Pictures with short captions:
────────

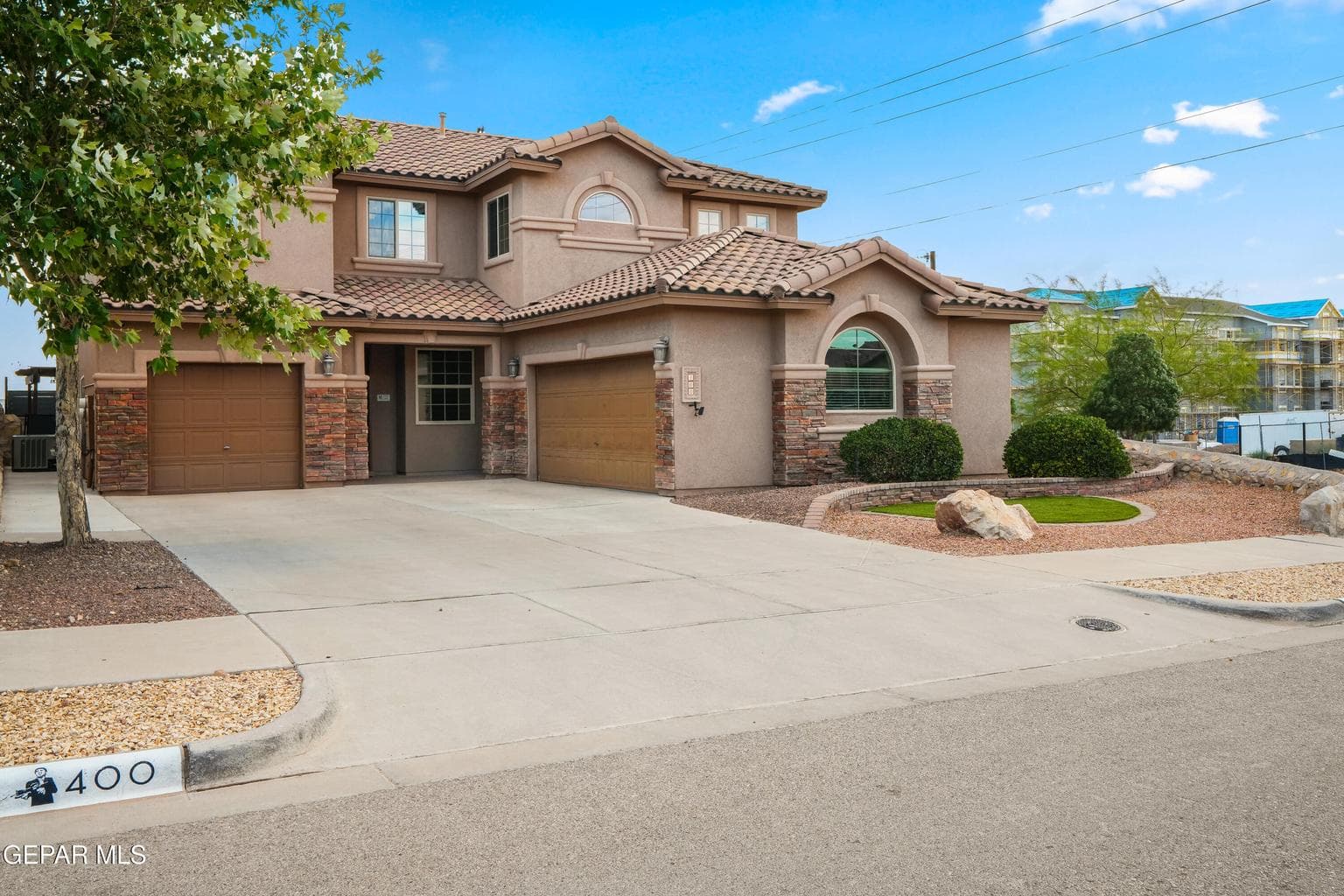400 Majestic Crown Rd-3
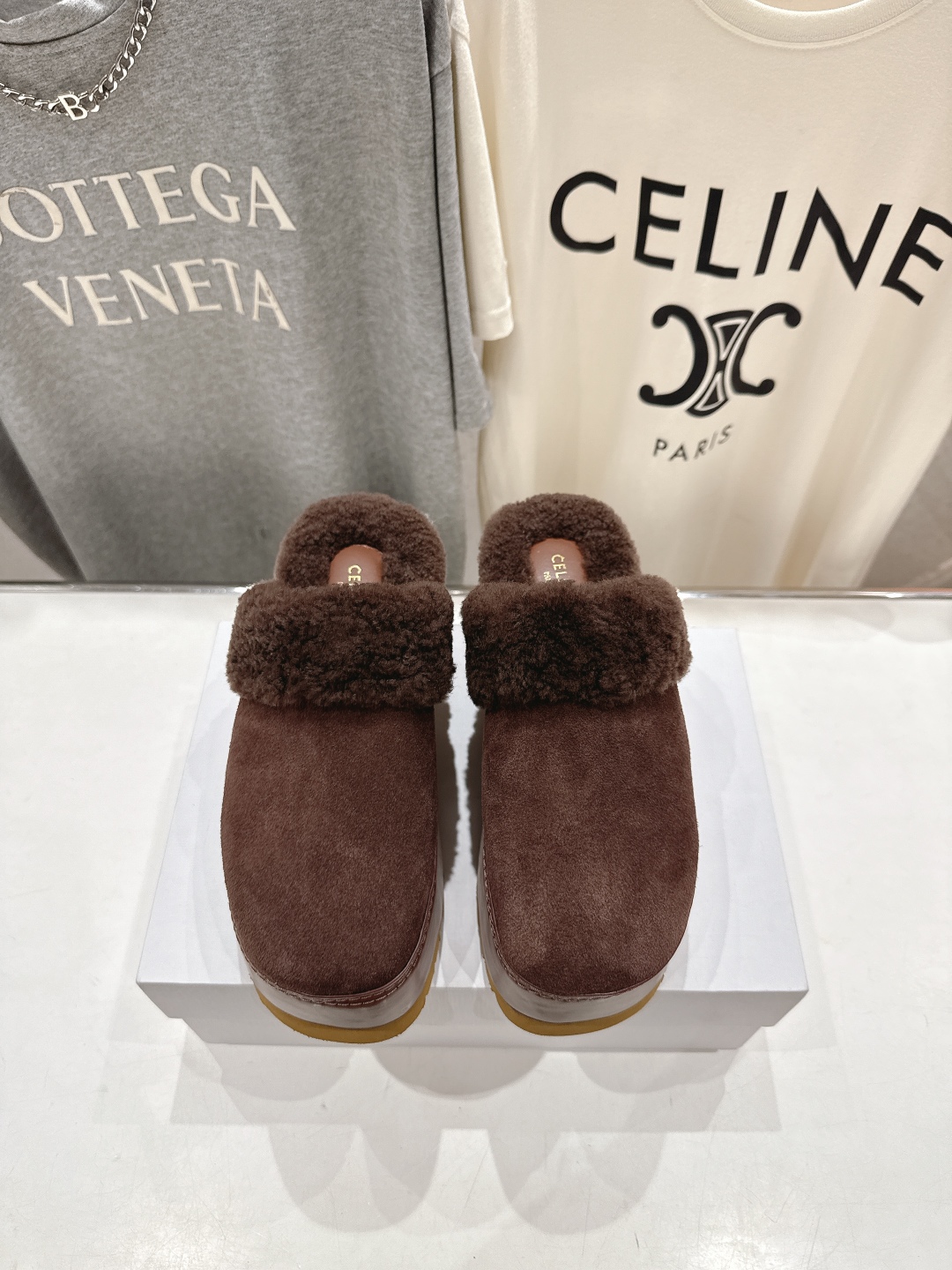 高版本出厂
  Celine/塞琳 2025ss新款F035厚底勃肯半包羊毛拖鞋🐏，上脚非常舒适保暖
这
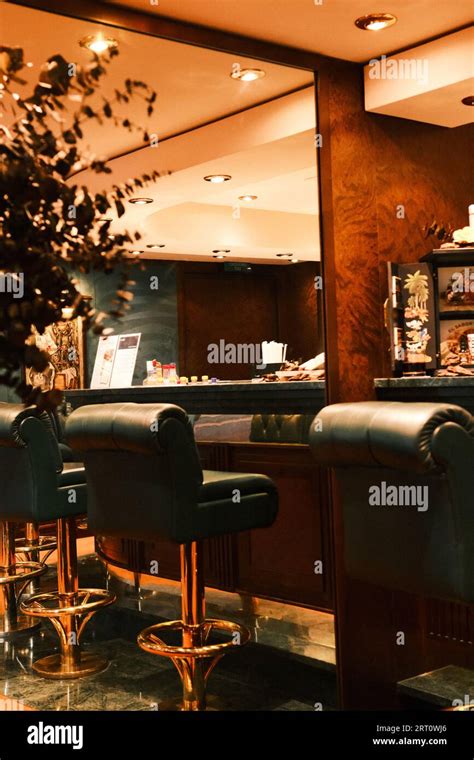 cigar bar interior Stock Photo - Alamy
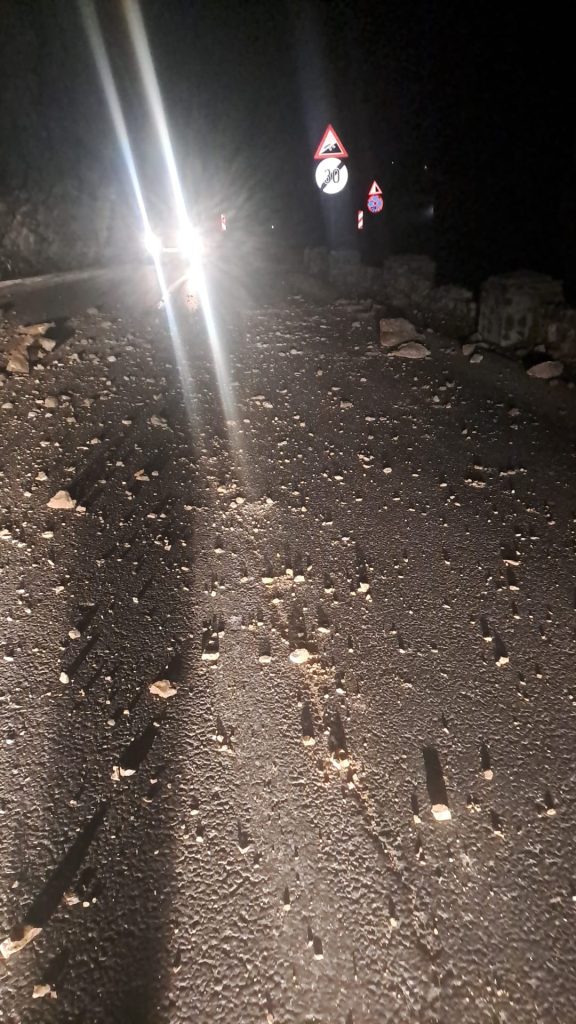 Autoritățile avertizează asupra riscului de căderi de pietre 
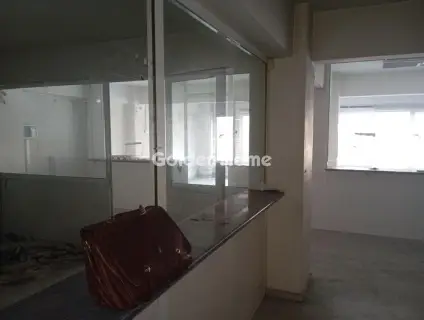 Independent Building 1380m<sup>2</sup> for rent photo 5351113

────────

Your answer must be the lines from the one containing "Celine/塞琳 2025" through the last line of the records, printed exactly with no pictures; please include both ends.

  Celine/塞琳 2025ss新款F035厚底勃肯半包羊毛拖鞋🐏，上脚非常舒适保暖
这
 cigar bar interior Stock Photo - Alamy
 Autoritățile avertizează asupra riscului de căderi de pietre 
 Independent Building 1380m<sup>2</sup> for rent photo 5351113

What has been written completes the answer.